### ACTION ITEM
Reproduce exactly the lines from the one containing "this 800×532 image." through the end of the entries, including both. Drop the pictures.

### RECORDED DATA
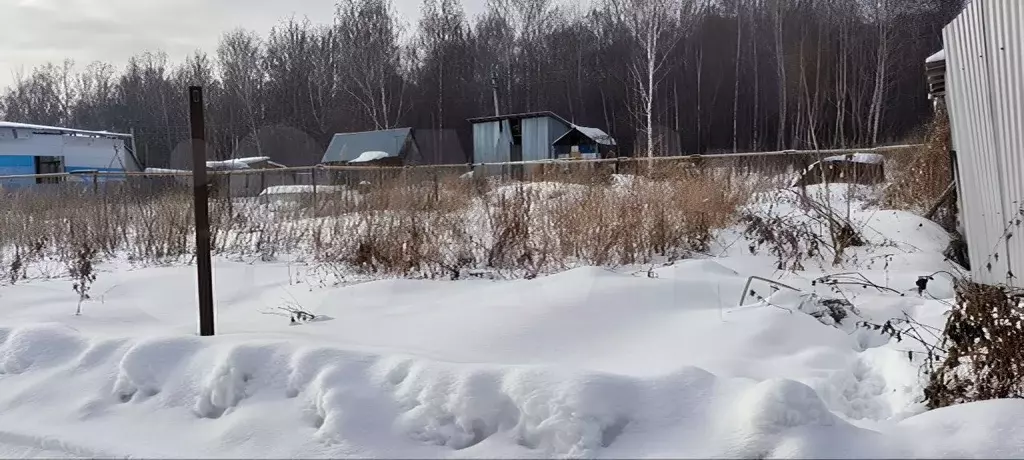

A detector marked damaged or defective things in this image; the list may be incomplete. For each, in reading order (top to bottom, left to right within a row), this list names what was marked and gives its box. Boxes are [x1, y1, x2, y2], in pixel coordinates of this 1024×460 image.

rusty wire fence [0, 146, 924, 274]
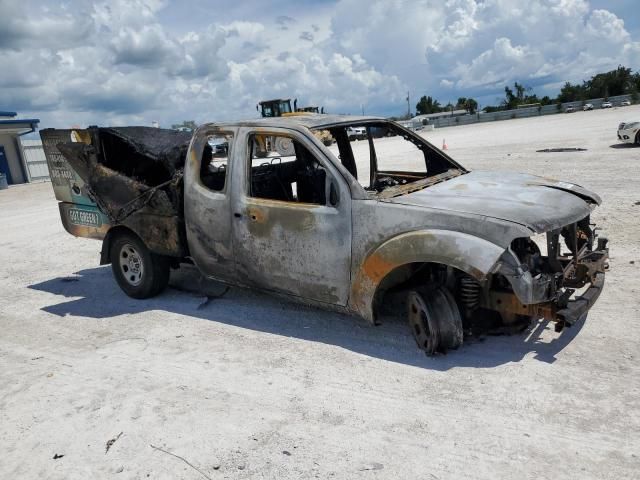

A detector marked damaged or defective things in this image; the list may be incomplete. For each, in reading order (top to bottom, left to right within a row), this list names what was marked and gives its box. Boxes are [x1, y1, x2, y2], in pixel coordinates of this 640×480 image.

fire-damaged vehicle [40, 115, 608, 356]
burned pickup truck [41, 116, 608, 354]
damaged front bumper [484, 225, 608, 330]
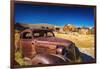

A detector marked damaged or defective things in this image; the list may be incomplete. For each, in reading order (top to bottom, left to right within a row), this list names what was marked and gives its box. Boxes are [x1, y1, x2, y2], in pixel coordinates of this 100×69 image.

rusted car [16, 28, 81, 64]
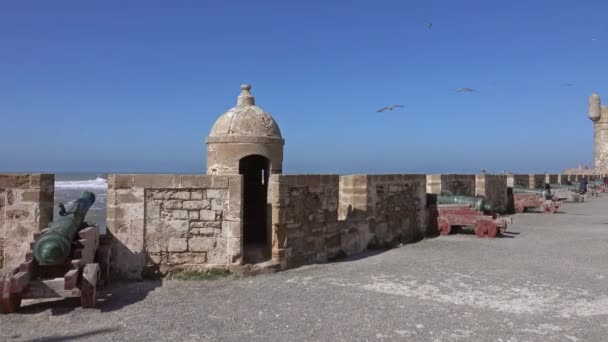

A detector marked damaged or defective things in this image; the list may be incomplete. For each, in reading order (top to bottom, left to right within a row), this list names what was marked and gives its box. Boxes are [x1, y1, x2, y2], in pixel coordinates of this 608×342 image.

rusty cannon mount [432, 192, 512, 238]
rusty cannon mount [512, 187, 560, 214]
rusty cannon mount [0, 191, 111, 314]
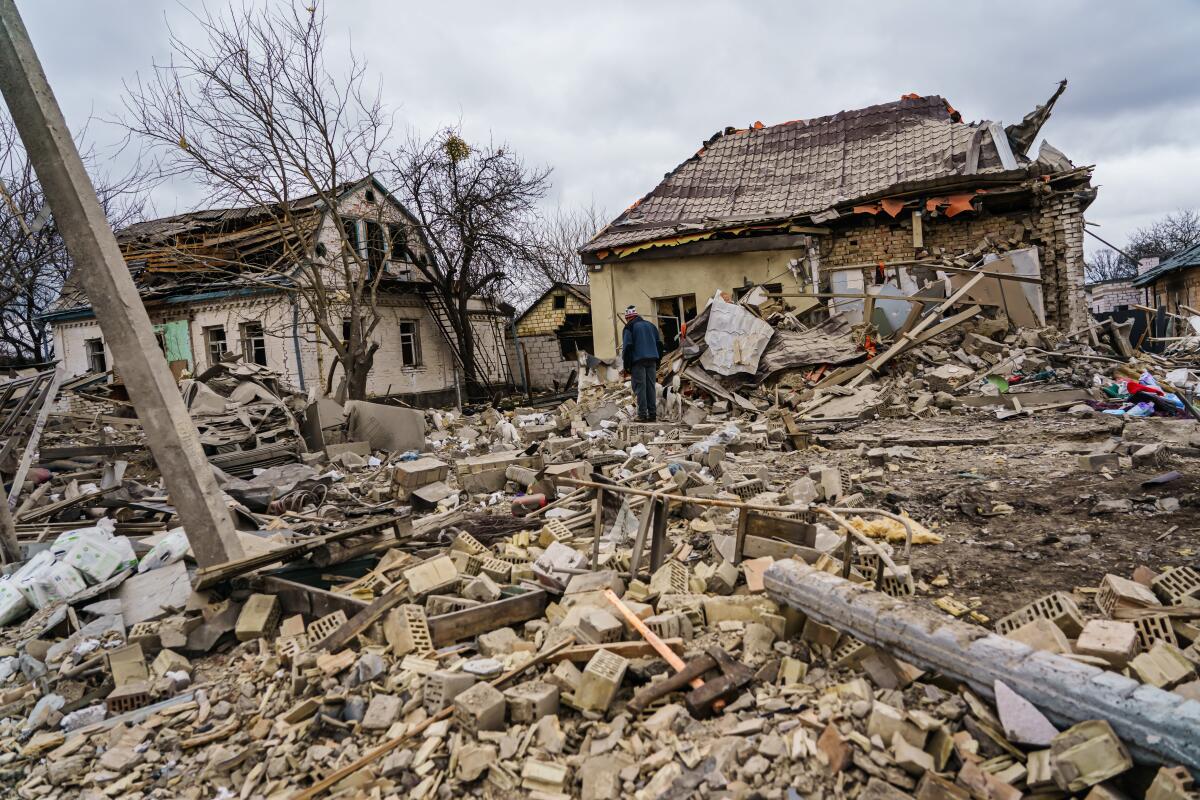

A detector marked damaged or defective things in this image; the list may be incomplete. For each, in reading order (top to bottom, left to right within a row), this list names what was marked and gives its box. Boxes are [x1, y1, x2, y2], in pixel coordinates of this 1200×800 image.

broken window [340, 215, 357, 256]
broken window [362, 220, 386, 277]
broken window [388, 224, 408, 261]
second damaged building [580, 82, 1099, 357]
broken window [84, 340, 106, 374]
broken window [201, 326, 226, 367]
broken window [238, 321, 267, 367]
broken window [398, 321, 422, 367]
broken window [657, 292, 696, 352]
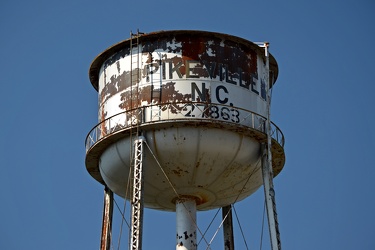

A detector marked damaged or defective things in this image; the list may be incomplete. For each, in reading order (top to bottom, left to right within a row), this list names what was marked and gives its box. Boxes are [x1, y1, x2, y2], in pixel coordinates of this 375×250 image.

rusty water tank [85, 29, 284, 211]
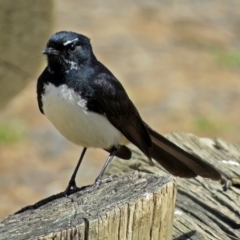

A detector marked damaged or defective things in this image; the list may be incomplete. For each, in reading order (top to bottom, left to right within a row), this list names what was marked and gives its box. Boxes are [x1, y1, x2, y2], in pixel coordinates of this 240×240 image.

splintered wood edge [0, 172, 176, 240]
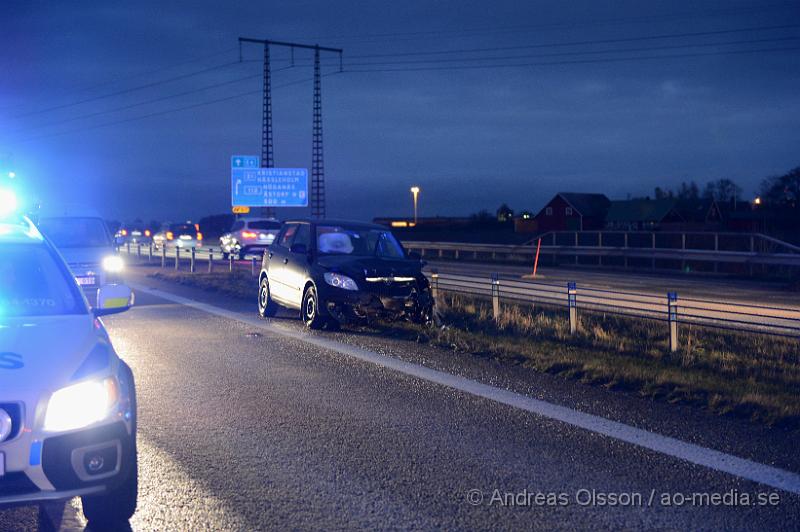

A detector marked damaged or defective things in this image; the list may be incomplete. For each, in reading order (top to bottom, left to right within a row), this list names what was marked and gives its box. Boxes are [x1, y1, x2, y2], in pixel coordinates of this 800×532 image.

damaged black car [258, 219, 434, 328]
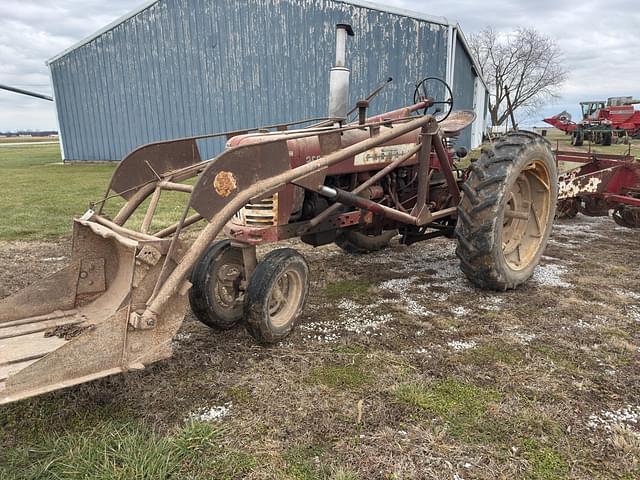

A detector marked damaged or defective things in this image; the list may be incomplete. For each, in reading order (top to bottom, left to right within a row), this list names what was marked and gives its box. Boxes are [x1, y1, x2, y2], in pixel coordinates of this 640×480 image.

### ANSWER TO THIS EXERCISE
A detector marked damaged or defective things in this image; the list may be incomplete. For each, in reading order (top to bottom, left to right within a row), this list names what was marked and gives its box. Boxes are [x1, y1, x2, y2], in pixel coordinates of this 800×532 image.

damaged black car [258, 219, 434, 328]

A detector marked damaged or defective things in this image; the list may be incomplete. For each, in reading order (top to bottom, left to right within a row), this list names what was marked and gives its box. Boxes are [x1, y1, x2, y2], in pixel coordinates of this 640×480 image.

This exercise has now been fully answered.